ふだん仕事をし続けていると、この仕事があたりまえって、誰しも思っているはずです。もちろん私もその一人。
だけど、旅行に行って非日常的なものに触れると、何があたりまえなんだろうって感じたりしませんか?
マルセイユに行ったとき。海と、丘の上に立つノートルダム・ド・ラ・ガルド教会を背景に、夕方になると毎日現れるバンドがいました。南米ペルーのフォルクローレ&ラテンミュージックを演奏する、チップで日銭を稼ぐ人たちです。

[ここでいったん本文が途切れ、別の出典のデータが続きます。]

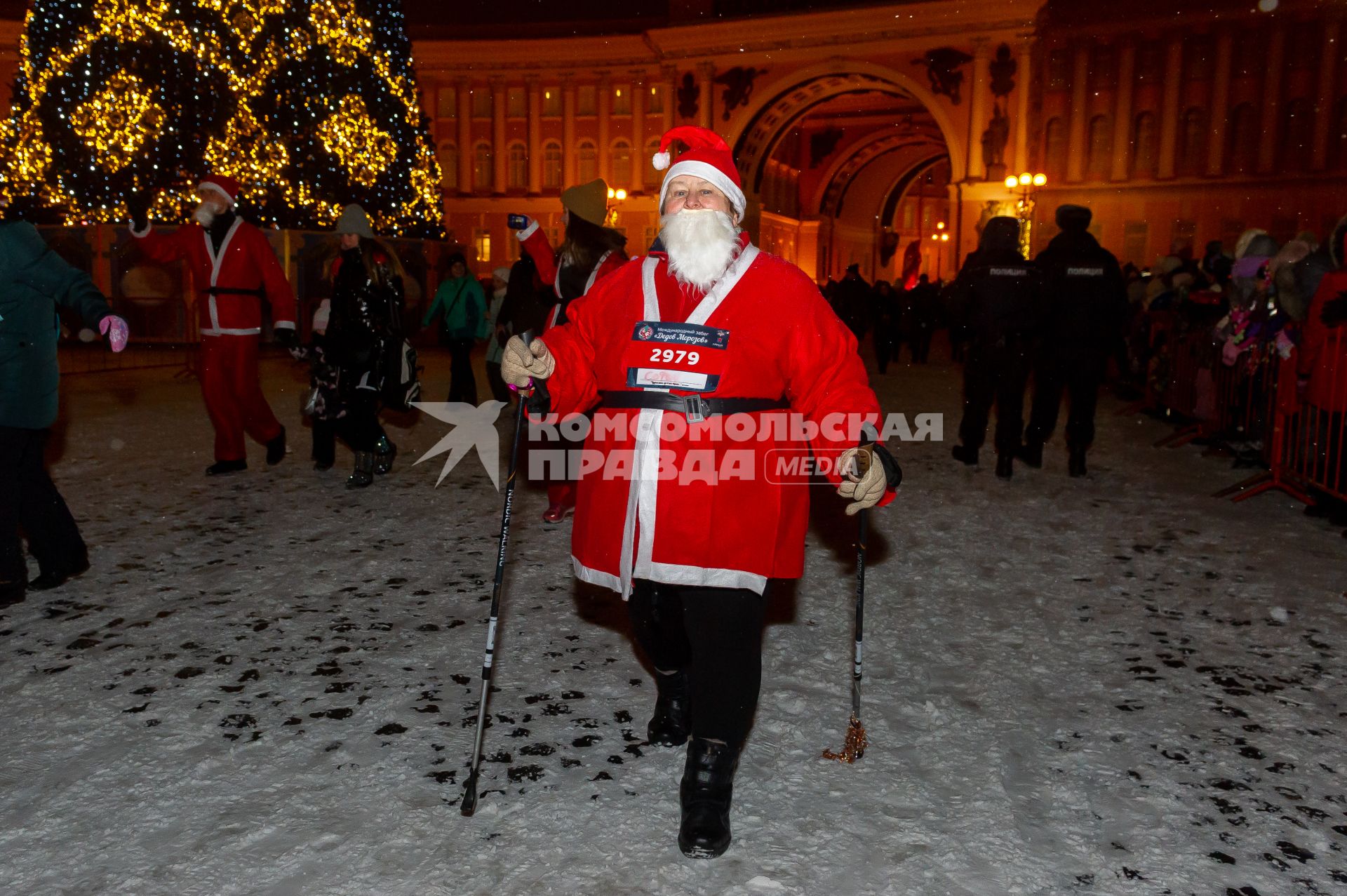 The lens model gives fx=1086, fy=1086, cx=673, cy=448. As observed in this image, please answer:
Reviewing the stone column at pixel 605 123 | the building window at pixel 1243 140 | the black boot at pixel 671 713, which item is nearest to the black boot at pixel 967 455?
the black boot at pixel 671 713

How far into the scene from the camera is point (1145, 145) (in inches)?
1581

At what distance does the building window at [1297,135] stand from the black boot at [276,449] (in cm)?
3901

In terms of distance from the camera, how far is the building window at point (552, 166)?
49.6 m

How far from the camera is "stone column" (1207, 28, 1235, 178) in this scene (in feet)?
126

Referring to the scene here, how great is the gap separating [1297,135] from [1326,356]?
36766 millimetres

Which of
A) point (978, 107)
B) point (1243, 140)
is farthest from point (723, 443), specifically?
point (1243, 140)

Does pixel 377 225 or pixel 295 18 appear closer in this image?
pixel 295 18

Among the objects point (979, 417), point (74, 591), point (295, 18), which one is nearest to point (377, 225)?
point (295, 18)

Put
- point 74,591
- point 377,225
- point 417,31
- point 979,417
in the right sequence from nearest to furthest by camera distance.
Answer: point 74,591 < point 979,417 < point 377,225 < point 417,31

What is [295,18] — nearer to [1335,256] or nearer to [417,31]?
[1335,256]

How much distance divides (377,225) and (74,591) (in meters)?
Answer: 16.3

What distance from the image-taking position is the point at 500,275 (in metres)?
10.3

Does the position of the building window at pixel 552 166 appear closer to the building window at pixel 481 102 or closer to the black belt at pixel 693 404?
the building window at pixel 481 102

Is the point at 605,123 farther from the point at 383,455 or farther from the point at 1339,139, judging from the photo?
the point at 383,455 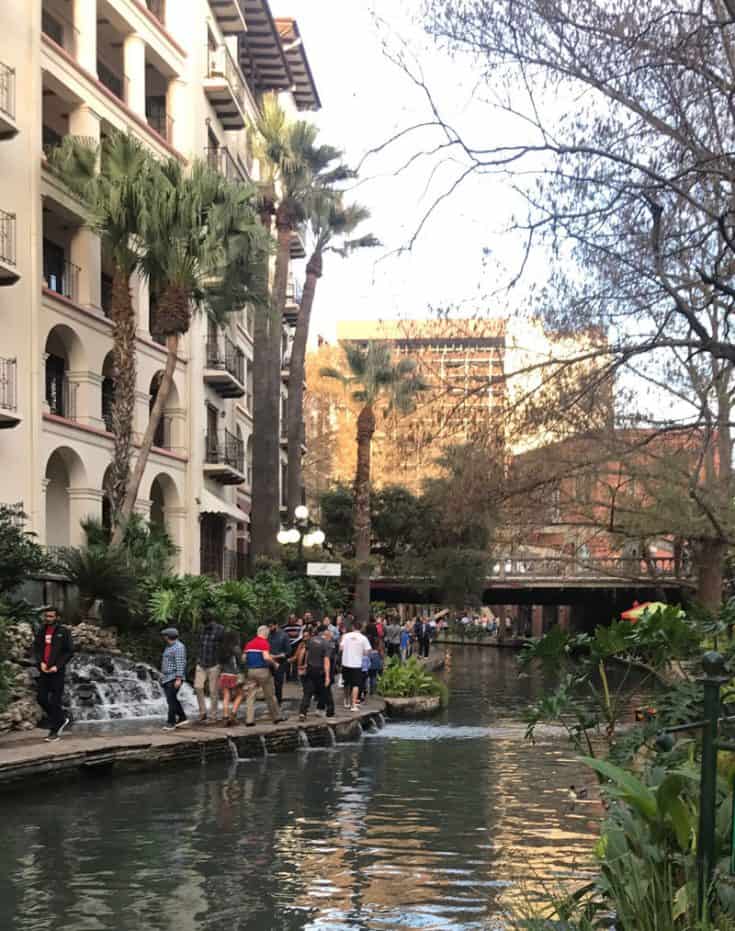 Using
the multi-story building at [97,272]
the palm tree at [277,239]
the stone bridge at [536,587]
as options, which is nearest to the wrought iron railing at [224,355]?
the multi-story building at [97,272]

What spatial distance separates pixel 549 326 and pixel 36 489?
18479mm

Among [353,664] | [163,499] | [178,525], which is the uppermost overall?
[163,499]

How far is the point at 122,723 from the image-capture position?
21.0 metres

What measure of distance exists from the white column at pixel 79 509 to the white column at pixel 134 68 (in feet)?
35.9

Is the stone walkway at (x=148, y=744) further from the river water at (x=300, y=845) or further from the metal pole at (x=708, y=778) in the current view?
the metal pole at (x=708, y=778)

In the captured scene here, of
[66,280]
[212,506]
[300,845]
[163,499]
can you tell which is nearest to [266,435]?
[212,506]

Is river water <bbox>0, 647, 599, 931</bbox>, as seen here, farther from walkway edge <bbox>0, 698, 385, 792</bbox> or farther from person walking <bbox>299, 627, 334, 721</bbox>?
person walking <bbox>299, 627, 334, 721</bbox>

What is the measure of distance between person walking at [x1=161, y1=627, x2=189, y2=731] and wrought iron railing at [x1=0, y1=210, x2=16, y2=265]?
40.4 feet

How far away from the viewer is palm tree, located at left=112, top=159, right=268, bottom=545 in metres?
30.0

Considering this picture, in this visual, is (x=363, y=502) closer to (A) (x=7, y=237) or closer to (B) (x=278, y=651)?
(A) (x=7, y=237)

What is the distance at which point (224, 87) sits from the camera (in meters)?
41.2

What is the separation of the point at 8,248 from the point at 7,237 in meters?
0.27

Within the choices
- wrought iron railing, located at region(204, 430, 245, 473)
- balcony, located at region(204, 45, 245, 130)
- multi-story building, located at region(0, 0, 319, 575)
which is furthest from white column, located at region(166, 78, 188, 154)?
wrought iron railing, located at region(204, 430, 245, 473)

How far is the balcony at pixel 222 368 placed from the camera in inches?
1682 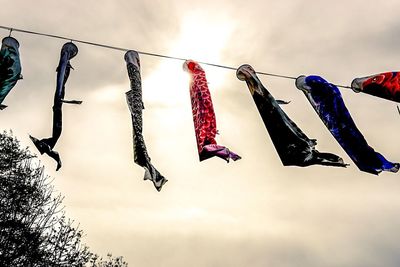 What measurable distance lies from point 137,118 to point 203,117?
36.6 inches

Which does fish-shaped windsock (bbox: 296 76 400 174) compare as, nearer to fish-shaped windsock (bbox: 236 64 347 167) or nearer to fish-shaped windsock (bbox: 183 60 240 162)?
fish-shaped windsock (bbox: 236 64 347 167)

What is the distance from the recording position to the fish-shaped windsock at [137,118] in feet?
17.6

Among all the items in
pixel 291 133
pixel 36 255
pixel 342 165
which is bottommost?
pixel 342 165

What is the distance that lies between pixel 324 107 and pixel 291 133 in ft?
3.11

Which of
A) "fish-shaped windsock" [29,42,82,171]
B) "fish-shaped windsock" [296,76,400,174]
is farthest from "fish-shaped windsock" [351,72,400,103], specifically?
"fish-shaped windsock" [29,42,82,171]

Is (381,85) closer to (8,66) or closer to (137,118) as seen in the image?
(137,118)

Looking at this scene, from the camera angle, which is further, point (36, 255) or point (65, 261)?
point (65, 261)

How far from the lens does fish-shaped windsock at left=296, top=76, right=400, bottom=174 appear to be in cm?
612

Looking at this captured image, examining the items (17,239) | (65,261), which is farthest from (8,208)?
(65,261)

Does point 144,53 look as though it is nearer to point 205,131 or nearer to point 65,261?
point 205,131

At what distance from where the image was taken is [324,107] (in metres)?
6.52

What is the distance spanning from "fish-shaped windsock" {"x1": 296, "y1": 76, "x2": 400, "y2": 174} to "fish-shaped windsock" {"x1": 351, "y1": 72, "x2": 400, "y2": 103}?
0.42 meters

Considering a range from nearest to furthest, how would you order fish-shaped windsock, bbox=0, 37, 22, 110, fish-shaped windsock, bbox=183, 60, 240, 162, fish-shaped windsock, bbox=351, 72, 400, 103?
1. fish-shaped windsock, bbox=0, 37, 22, 110
2. fish-shaped windsock, bbox=183, 60, 240, 162
3. fish-shaped windsock, bbox=351, 72, 400, 103

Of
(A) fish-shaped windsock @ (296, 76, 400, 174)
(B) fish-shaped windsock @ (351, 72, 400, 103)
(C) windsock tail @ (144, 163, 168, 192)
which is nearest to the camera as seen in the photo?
(C) windsock tail @ (144, 163, 168, 192) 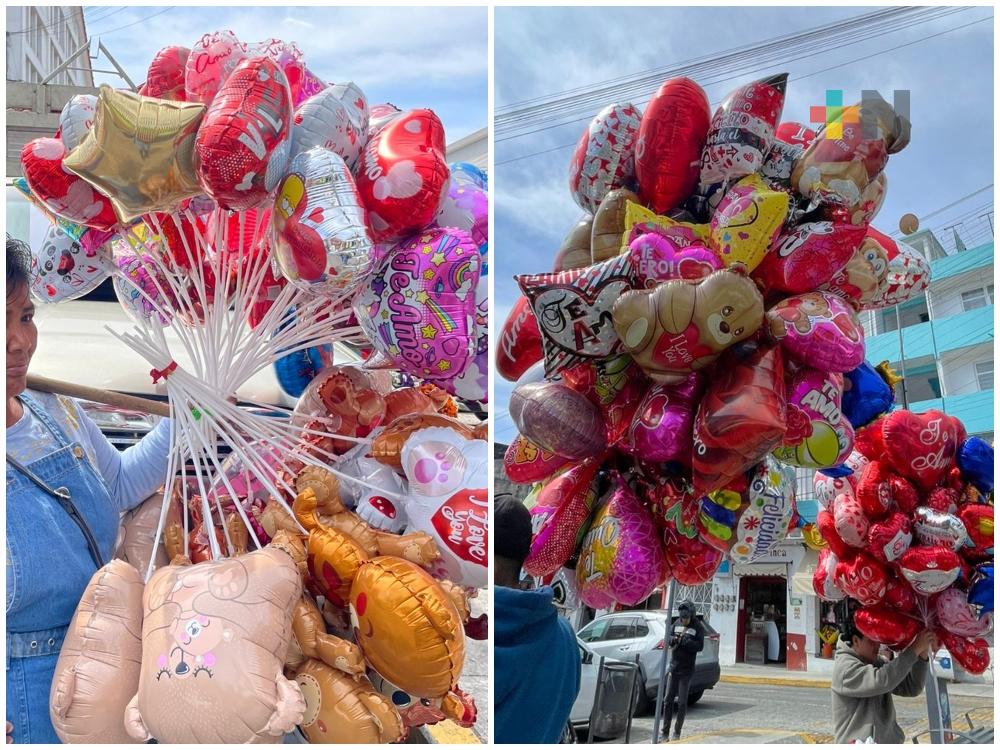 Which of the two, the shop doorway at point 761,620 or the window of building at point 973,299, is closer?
the shop doorway at point 761,620

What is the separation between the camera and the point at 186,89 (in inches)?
88.4

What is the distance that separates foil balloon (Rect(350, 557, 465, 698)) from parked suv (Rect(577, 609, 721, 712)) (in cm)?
552

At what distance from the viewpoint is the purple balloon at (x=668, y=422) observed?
2490 mm

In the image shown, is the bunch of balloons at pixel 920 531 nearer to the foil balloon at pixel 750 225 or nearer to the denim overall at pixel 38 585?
the foil balloon at pixel 750 225

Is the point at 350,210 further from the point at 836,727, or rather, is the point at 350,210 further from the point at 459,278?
the point at 836,727

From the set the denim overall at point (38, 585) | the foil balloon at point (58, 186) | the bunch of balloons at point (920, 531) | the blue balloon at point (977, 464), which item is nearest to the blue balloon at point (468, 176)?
the foil balloon at point (58, 186)

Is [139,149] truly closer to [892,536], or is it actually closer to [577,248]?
[577,248]

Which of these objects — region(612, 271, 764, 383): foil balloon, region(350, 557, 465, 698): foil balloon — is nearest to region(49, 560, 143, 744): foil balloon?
region(350, 557, 465, 698): foil balloon

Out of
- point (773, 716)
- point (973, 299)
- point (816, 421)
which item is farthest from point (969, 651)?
point (973, 299)

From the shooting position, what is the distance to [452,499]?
7.04 feet

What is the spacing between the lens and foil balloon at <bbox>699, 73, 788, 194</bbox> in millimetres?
2566

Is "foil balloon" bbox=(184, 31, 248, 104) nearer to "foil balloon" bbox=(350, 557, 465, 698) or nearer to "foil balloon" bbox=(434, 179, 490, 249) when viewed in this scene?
"foil balloon" bbox=(434, 179, 490, 249)

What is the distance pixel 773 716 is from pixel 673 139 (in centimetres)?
647

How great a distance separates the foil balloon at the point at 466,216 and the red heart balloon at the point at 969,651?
277 centimetres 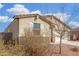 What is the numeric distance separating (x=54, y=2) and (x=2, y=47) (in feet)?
3.04

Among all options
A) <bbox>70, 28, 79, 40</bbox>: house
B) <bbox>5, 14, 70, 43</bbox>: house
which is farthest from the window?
<bbox>70, 28, 79, 40</bbox>: house

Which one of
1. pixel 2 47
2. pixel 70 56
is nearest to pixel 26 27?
pixel 2 47

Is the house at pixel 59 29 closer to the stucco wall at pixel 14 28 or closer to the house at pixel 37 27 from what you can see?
the house at pixel 37 27

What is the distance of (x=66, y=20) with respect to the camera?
4.04 meters

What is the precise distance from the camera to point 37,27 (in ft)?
13.3

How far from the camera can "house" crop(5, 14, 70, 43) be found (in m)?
4.03

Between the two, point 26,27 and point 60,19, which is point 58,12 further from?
point 26,27

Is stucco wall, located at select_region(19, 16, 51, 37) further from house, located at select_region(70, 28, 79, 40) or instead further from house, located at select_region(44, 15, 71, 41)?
house, located at select_region(70, 28, 79, 40)

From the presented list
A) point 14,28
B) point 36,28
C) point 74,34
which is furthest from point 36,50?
point 74,34

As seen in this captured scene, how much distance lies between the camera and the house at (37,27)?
159 inches

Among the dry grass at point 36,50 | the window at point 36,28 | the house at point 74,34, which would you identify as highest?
the window at point 36,28

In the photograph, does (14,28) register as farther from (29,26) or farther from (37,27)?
(37,27)

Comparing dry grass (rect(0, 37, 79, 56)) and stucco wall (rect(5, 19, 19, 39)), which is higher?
stucco wall (rect(5, 19, 19, 39))

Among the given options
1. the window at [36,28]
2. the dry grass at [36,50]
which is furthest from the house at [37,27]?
the dry grass at [36,50] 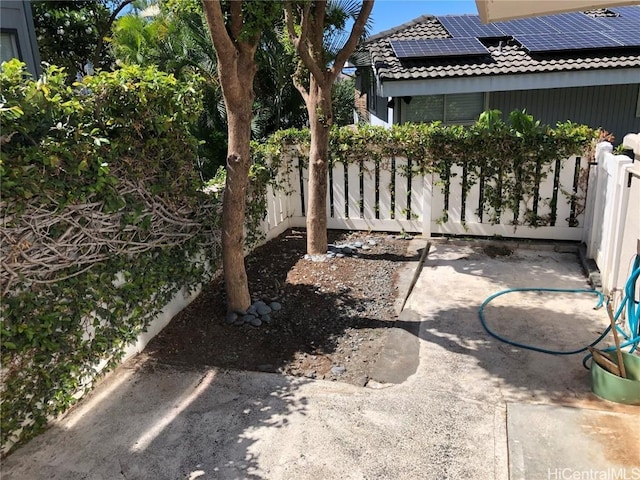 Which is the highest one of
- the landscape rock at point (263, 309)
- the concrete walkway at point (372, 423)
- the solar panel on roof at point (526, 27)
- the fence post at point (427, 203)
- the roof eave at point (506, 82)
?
the solar panel on roof at point (526, 27)

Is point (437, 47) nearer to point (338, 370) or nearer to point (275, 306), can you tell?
point (275, 306)

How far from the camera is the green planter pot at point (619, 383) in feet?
10.1

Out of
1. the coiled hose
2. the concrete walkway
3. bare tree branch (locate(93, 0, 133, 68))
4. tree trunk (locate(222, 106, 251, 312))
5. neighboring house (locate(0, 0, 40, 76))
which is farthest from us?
bare tree branch (locate(93, 0, 133, 68))

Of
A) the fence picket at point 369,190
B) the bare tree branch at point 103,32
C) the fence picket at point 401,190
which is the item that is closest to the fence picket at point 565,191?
the fence picket at point 401,190

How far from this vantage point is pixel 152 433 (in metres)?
2.98

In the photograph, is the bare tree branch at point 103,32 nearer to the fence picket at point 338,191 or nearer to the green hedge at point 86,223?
the fence picket at point 338,191

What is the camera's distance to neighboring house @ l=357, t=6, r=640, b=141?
811cm

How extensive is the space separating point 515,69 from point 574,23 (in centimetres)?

もちろん、それで生活が成り立つわけはないとしても、こういう生き方だってあるんだなって、ふっと思うんですね。海風に吹かれながら、南フランスで聴くフォルクローレ。なぜか懐かしくもあり。
そういえば、高校時代、バンドを組んでヴォーカルをしていた私は、歌うことが大好き(でも、自慢できるほど下手です…)。今はカラオケにさえ行かず、お風呂のなかでも、ほとんど歌うことはしませんが、論文書くより、歌っているほうが、はるかに自分らしいかも。
それなら、私も港町で着物でも着て、♪桜、桜、弥生の空は〜♪と歌ったって、いいんだ。何も目くじら立てて、奔走して、机に向かって、しがみつく必要もないんだと、少し気がラクになったりします。
ここまで頑張ってきたからと思えば、仕事は「されど」。「この仕事しかできないからね」という言葉の裏には、「されど」の想いが満ち溢れています。だけど、「たかが」の気持ちも大切。仮に私一人、辞めようが何しようが、誰も困らなければ、世の中が変わるわけでもない。あっ、男子学生は少しさみしがってくれるかな?なんてね。
「されど」と「たかが」のバランスをとりながら、生きる道を一つだけに絞り込まない、しなやかな人生観をもちたいと思うこの頃です。